Un business inattendu, qui a commencé dans l’arrière-boutique d’un disquaire qu’Enrico Frattasio nettoyait pour gagner sa vie. En reproduisant et commercialisant ces mixtapes de musiques de tout genre (ça allait d’un rap napolitain à des chants grégoriens), ce trafic baptisé Mixed By Erry a su s’imposer dans tout le pays — allant même jusqu’à faire affaire à Hong Kong.

Comme l’indique à The Guardian l’ethnomusicologue Simona Frasca, autrice d’un bouquin sur la fratrie Frattasio, les mixtapes de Mixed By Erry étaient de loin les meilleures de l’époque, car les trois musicos connaissaient leur terrain. La marque de fabrique du trio était d’intégrer à la fin de chaque mixtape des titres inconnus ou pas encore sortis, qui pouvaient plaire à l’auditeur·rice sur base de ce qui venait de précéder. En d’autres mots : l’ancêtre des playlists recommandées.

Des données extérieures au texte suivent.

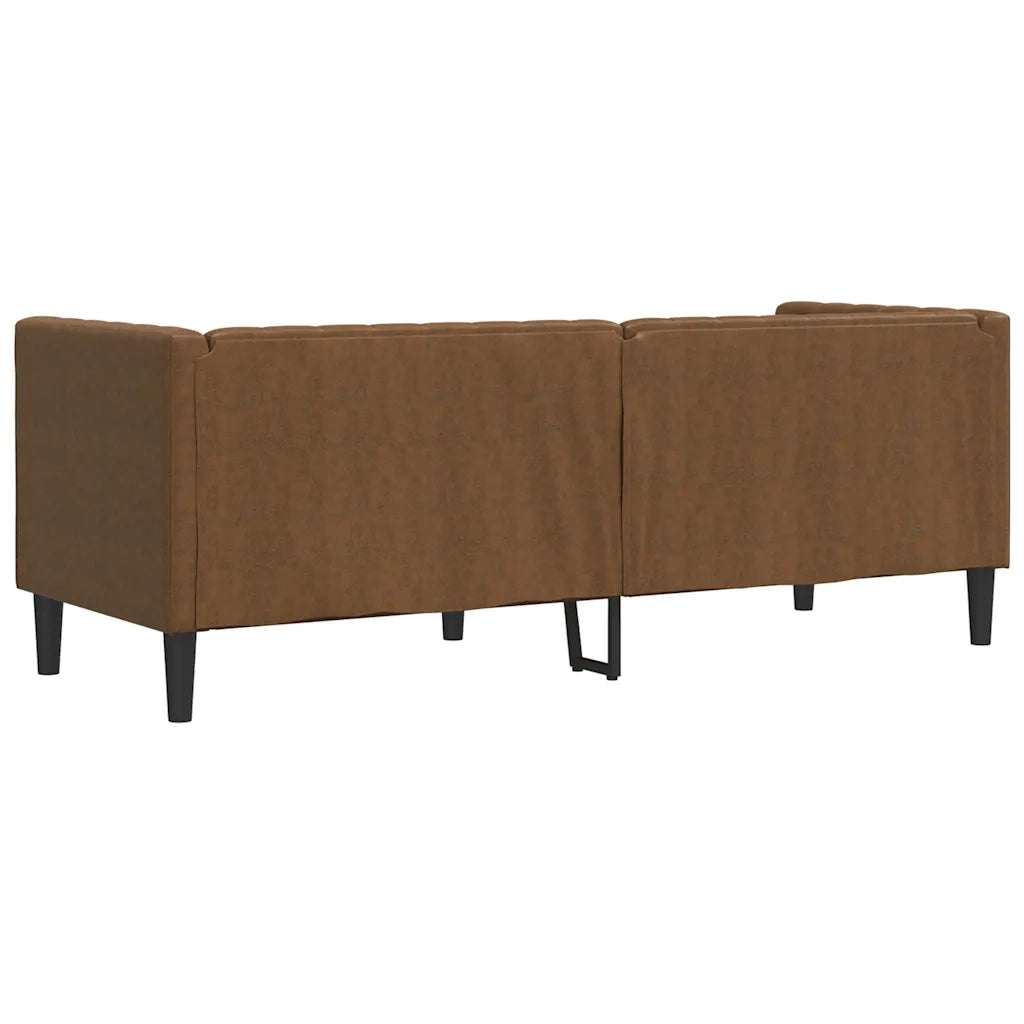 Divano Chesterfield a 3 Posti Marrone in Similpelle Scamosciata 372672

Le label Mixed By Erry est progressivement devenu un gage de qualité et, à son âge d’or, l’entreprise produisait 60 000 compilations par jour, soit 27 % de l’ensemble du marché musical de l’époque, comme le rapporte NSS Magazine. Un business qui aura permis à un bon nombre de mélomanes de se procurer des morceaux impayables en format CD légal, et à beaucoup d’artistes de trouver leur public. C’est notamment le cas de Marco Messina, membre du groupe 99 Posse, qui explique à The Guardian devoir une grande partie de son succès au fameux label pirate :

“Si j’y pense d’un point de vue monétaire, c’est de l’argent qu’ils ont gagné grâce à moi et que je n’ai pas gagné. Mais d’un point de vue plus global, ils ont diffusé ma musique, ce qui lui a permis d’être mieux popularisée”, confie Messina.

Avec l’arrivée des lois contre le piratage dans les années 1990, les Frattasio ont rapidement été accusés de faire de l’argent sur le dos des artistes, s’attirant des ennuis avec les autorités. Une histoire qui nous rappellerait presque Spotify et son 0,0051 euro de compensation par stream. Oups. La folle histoire des Frattasio fait aujourd’hui l’objet d’un long-métrage italien réalisé par Sydney Sibilia, coproduit par Netflix et la chaîne de télévision nationale Rai 1.

Une comédie italienne que beaucoup qualifient de “rafraîchissante”, signée du studio italien Groenlandia — qui a notamment produit le film France avec Léa Seydoux en 2021. Si le film est sorti début février en Italie, aucune date de sortie n’est prévue en France pour le moment. Mais bon, on n’est jamais loin d’un petit visionnage pirate, juste histoire de rester dans le thème.